The Repopulation is pushing hard to position itself as the new Indie Sandbox Sweetheart. Heck, the game might as well call itself Star Conflicts Universes for how hard it's trying, on the surface, to ape Star Wars Galaxies. And on some level, I agree that if a solid SWG clone were to get made and come out, it could be rather popular, if niche. So what's the problem?
The problem is that The Repopulation is not that game. The Repopulation is not a SWG clone. The Repopulation is more like a distant teenage memory of SWG committed to binary. The Repopulation is more like a cargo cult ritual of SWG, where all the motions are gone through, and none of them understood. The Repopulation doesn't understand what made SWG great, but even worse, it doesn't understand what could potentially make itself great. And that's, to be honest, the worst part of all. It's fine to make an "homage" that exists only through the lens of your own experience, even if I disagree with it. It's not fine to make a game that doesn't have a clear understanding of its own design.
Perfect example: let's go back to armor.

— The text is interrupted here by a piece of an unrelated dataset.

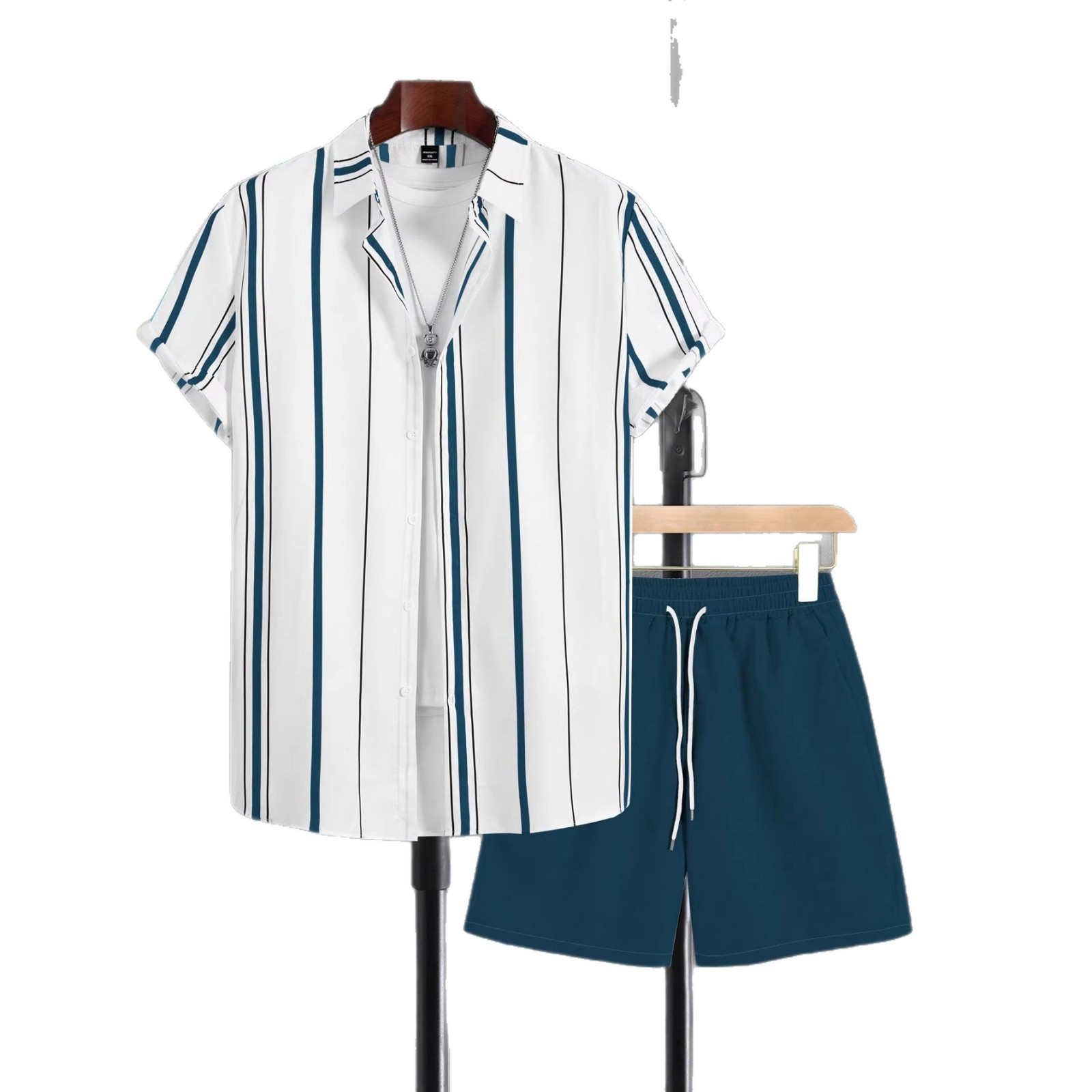Lässiges Herren-Hawaiihemd-Set, Sommermode, Kurzarm, 3D-Streifenmuster, zweiteilig_voghion.com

The developers at A&B clearly understood that items breaking and having to be replaced is a key component of the game economy. But, they asked, what if I want to keep my awesome looking armor? What if the replacement armor when it breaks doesn't come in my look? What if the stats I want are on something that looks like crap? If Bob's Best Helmets clearly have the best helmets and bob doesn't have a fashion sense, everyone will be running around in the same crappy helmet!

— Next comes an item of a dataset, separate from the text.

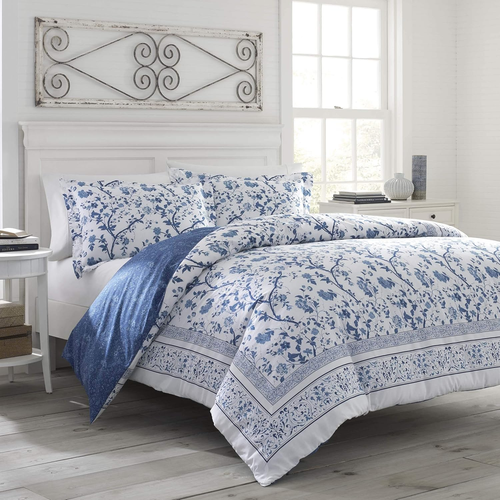 - Queen Duvet Cover Set, Reversible Cotton Bedding with Matching Shams, Home Dec - Picture 2 of 12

So, solution: let's separate stats, and item breakage, from cosmetics. That way, you can have whatever cosmetics you want. This is smart, this is good. This is a clear improvement on star wars galaxies. But then, what do they do? They tie the cosmetics to in-game function, just like they *just got done not doing*. You have to pick one of three armor classes, and your armor class has an in-game purpose, and changing armor classes is expensive. This is twice as dumb for an indie company that can't afford to give armor the wide breadth of cosmetics they truly need in the first place!
And they gameplay is filled with weird backtracks and reversions like these. Armor doesn't have stats, except for when it does. You can do anything you want, except that the world is filled with level 40 monsters who will end you unless you grind up combat. There's no grinding, except that you have to grind to make a-rank equipment which is so ubiquitous from more experienced players that the only thing to do in the game is grind up skills so you can make a-rank equipment.
The economy is downright bizarre. A handful of low-level quests will give you enough scratch to buy up the best mount on the auction house. You can buy top-level fittings on the auction house, but there's also the ability to own a shop in game. It serves no purpose to be able to do so, though- anything you can put in your shop, I can buy instantly from the auction house, receive, and equip, without ever going into town. You can sell on the auction house or place buy orders without having to go into town.
This is one of the most bizarre parts of The Repopulation- there's this bizarrely hardcore attitude when it comes to the crafting system, or not getting murdered while picking flowers, but when it comes to the entire basis of how the Star Wars Galaxies economy worked, they don't want you to have to even use your 0s cooldown teleport to get back into town.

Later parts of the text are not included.